It's time to reconsider going on-prem
There is no doubt that going “on-prem” is a big decision for a SaaS company. The prevailing wisdom is to avoid going on-prem or at least wait as long as possible. However, the siren song of the enterprise buyer with untold wealth to spend on on-prem deployments can be hard to resist.
The adoption of containers and container orchestration tools makes this journey more feasible and gives SaaS companies a chance to reap that wealth without crashing onto the rocks. There can also be a significant first mover advantage in doing so.
There are hardcore camps of “serverless nomads” and “server huggers” out there but the majority of us, as usual, lie somewhere in the middle. Some software is best delivered via a browser or an API endpoint but this does not universally make sense. For example:
- Common sense: monitoring systems, and most middleware services do not make sense outside of the customer environment (which does not stop some folks from trying).
- Large data volumes: when your software needs to access pre-existing datasets that are too large to be conveniently uploaded/downloaded to the cloud.
- Latency: delivering database as-a-service only makes sense in sub-5ms range which means you need a point of presence in every major cloud region and datacenter your customers may be, which is almost the same as “going on-prem”, except it’s your own “prem” you’ll be going to.
- Security and compliance: when your code needs to exist and operate in regulated environments that only your customers can provide.
- Economies of scale: some customers have the capacity and ability to acquire and operate compute resources at much cheaper rates than cloud providers offer.
However, the “service” part of SaaS does offer a lot of value, regardless. Keeping software up, secure and healthy is difficult (and with the ever increasing complexity of software stacks, it continues to get harder). With SaaS, the IT department no longer has to do all that work.

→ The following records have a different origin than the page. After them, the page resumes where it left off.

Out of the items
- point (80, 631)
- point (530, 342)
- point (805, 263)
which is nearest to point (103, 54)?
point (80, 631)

That burden has shifted to folks that now call themselves “Devops”. It is pretty clear there is demand for this arrangement to continue but it would be great if that level of service could also be delivered on the customer’s infrastructure when the situations listed above apply.
There is no denying the mass adoption of “the cloud” and that the traditional role of the corporate datacenter is diminishing. However, in that transition the lines between “the cloud” and “on-premises” are getting blurred with private cloud deployments and hybrid cloud infrastructure.

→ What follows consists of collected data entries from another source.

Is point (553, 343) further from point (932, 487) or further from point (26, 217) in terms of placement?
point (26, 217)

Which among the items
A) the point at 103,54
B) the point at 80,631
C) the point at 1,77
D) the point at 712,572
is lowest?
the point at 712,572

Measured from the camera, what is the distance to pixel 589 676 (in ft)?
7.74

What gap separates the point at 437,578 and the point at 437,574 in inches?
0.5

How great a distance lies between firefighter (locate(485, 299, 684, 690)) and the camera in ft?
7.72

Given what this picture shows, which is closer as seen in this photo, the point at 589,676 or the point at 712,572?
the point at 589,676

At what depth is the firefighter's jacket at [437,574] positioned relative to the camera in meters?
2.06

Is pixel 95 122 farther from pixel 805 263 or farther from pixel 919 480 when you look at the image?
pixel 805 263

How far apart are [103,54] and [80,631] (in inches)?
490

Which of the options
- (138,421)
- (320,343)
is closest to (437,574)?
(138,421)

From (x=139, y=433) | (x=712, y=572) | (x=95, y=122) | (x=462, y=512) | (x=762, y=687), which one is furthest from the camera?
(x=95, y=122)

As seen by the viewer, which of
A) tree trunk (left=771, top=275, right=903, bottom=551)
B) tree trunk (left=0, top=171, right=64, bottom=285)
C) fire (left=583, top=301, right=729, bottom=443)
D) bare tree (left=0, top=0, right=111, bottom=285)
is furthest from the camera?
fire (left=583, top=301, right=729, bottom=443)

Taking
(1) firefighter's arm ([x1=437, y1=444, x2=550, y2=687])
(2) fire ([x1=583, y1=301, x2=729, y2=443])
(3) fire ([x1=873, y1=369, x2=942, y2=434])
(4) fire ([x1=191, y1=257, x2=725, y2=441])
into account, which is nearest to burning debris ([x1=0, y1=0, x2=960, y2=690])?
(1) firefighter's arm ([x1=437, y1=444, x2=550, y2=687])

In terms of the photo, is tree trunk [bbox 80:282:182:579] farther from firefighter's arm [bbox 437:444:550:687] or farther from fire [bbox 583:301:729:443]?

There’s a lot of jargon that gets thrown around so let’s try to define some of the terminology. In the SaaS context, “on-premises” historically meant deploying a separate instance of your SaaS application to your customer’s server room or data center, behind their firewall. More recently, this term may also include deploying to the customer’s private cloud at a cloud provider like Amazon Web Services or Azure. It may even include a separate, single tenant version of the application that is still hosted and managed by the SaaS provider. So for the purpose of this post let’s give these offerings their own names:
- On-premises: Customer’s servers, behind Firewall
- Private cloud: Customer’s private cloud environment on a cloud provider
- Public SaaS: Traditional multi-tenant SaaS.
Easy vs Hard
These different types of offerings above were listed in the order of difficulty for a SaaS provider to maintain and, generally, in the amount of money a buyer is willing to pay for them. So it probably makes sense for a SaaS provider to move from the bottom up, gradually taking on the increased level of difficulty. However, our initial customers hired us mainly to solve traditional on-premises, so we needed to think about how to provide a solution that serves all of these deployment strategies.

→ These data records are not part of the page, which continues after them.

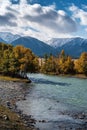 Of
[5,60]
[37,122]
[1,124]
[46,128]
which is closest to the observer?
[1,124]

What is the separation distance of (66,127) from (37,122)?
4.27 meters

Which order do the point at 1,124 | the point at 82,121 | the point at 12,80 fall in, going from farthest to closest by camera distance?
the point at 12,80 < the point at 82,121 < the point at 1,124

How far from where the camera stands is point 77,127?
41000 mm

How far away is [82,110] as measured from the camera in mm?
57031

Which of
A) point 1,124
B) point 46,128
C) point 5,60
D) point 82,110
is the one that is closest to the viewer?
point 1,124

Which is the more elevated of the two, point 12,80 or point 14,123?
point 14,123

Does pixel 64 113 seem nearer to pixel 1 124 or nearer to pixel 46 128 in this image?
pixel 46 128

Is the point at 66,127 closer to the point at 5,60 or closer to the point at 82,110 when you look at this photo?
the point at 82,110

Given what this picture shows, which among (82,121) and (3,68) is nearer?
(82,121)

Not mentioned in the list above is an additional step in the typical SaaS company’s lifecycle: when a Public SaaS application has to go “multi-DC” or “multi-region”. This is generally done to reduce latency or make the application more highly available. Going multi-DC is a challenge in itself and bring many of the same concerns mentioned below.
There’s one way to make the problem of going on-premises a lot easier for the SaaS company and that is to just throw the code over the wall and let the customer operate it. Historically, this is how the problem has traditionally been solved, usually using VMs.
While this gets the application “over the fence”, it suffers from the following, in many cases fatal, problems:
- You are not providing the “it-just-works” experience that enterprise customers have grown so accustomed to when using SaaS products.
- It often requires forking your code into SaaS and on-prem branches, costing you a fortune in maintenance over the long run.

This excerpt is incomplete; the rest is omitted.